WHEN you find yourself in a sheet-music store and happen to overhear someone asking the manager if Barenboim has been in yet, you know you're in a serious music shop. I think it's called Patelson's, between 6th and 7th Avenue in Manhattan and, yes, I know he's just an ordinary man like the rest of us . . . and I'm sure the sophisticated clientele of this particular store would have so feigned contrived nonchalance had he walked in as to have made me look like a psychotic stalker . . .but by God, if he had done, I would have willingly made an absolute idiot out of myself just to say that I met Barenboim in New York.

That Barenboim was overlooked for the recently appointed position of music director to the New York Philharmonic did not come as a surprise. In appointing 40-yearold Alan Gilbert to the five-year position last month, which begins in 2009, the NYP appear to have succumbed to the pressure of introducing a younger music director . . . particularly since the Los Angeles Phil have just snapped up 26-year-old Venezuelan hotshot Gustavo Dudamel . . . and ignored the wishes of the outgoing director, Lorin Maazel, who nominated Barenboim for the post.

But, prestigious as that gig with the NYP is, Barenboim made it very clear a month later he had no desire whatsoever to make Maazel's dreams come true.

Considering he resigned from the top position in the Chicago Symphony in June last year due to frustration with the fundraising duties involved in the position, it is unlikely Barenboim will ever take up a permanent position in the US again. The man has, you could say, other fish to fry.

Since 1999, Barenboim has been building musical bridges across a vast, seemingly hopeless political and religious divide through his continued work with the WestEastern Divan Orchestra, which he co-founded with the late Palestinian-American intellectual and political activist Edward Said (Barenboim met Said by chance in a hotel lobby in 1993). The ensemble, comprising a mix of young Israeli, Palestinian, Jordanian, Egyptian and Lebanese musicians, meets every summer to work under Barenboim.

Though he insists that, like this orchestral project, he is absolutely apolitical and solely motivated by humanistic and musical ideologies, Barenboim has, for years now, suffered taunts and insults at the hands of those for whom his ideologies are veritable heresy. Born in Buenos Aires to Russian Ashkenazi Jewish parents, Barenboim, aged 10, moved with his family to Israel after the second world war. As a highly regarded pianist and, later, conductor, his name was soon added to the list of high-profile Israeli soloists on the circuit at the time, joining ranks with performers such as Pinchas Zukerman and Itzhak Perlman.

He caused great controversy in 2001 by performing Wagner with the Berlin Staatskapelle at the Israel festival in Jerusalem . . . the music of Wagner is still relatively taboo in Israel because of the composer's anti-semitic associations.
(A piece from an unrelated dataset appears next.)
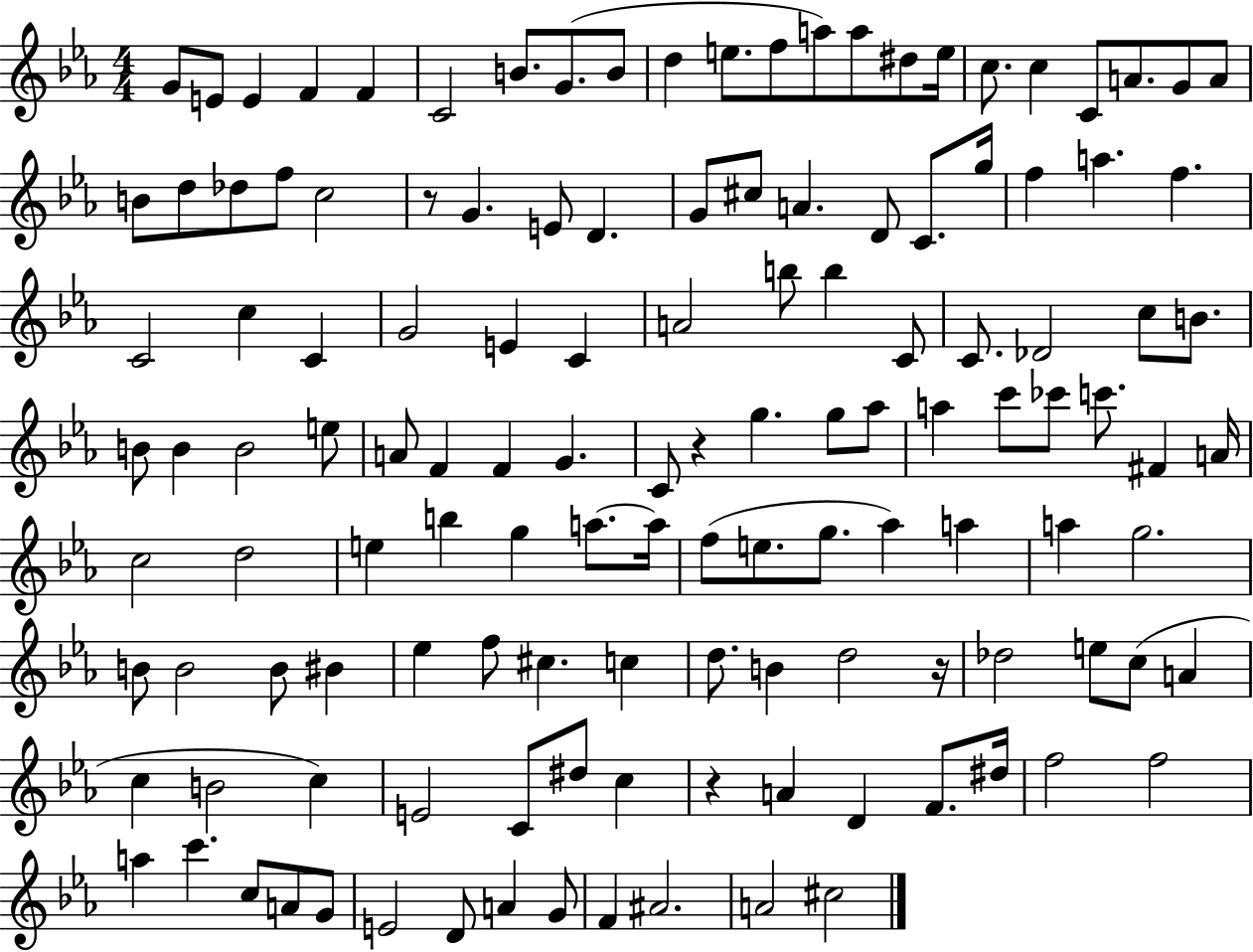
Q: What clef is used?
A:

The Israeli right have developed a real hatred for him because of his outspoken criticisms of the Israeli settlements and of the Israeli government . . . to the point that he once stated Ariel Sharon would not be welcome at his concerts . . . and because of his performances in the West Bank and Ramallah. Few would be envious of that burden.

If the following quote is anything to go by, his book with Edward Said, Parallels and Paradoxes, is definitely worth following up on.

"In times of totalitarian or autocratic rule, music, indeed culture, in general, is often the only avenue of independent thought.

Culture then becomes primarily the voice of the oppressed and it takes over from politics as a driving force for change."

Daniel Barenboim conducts the Vienna Philharmonic at the National Concert Hall Dublin on 5 September.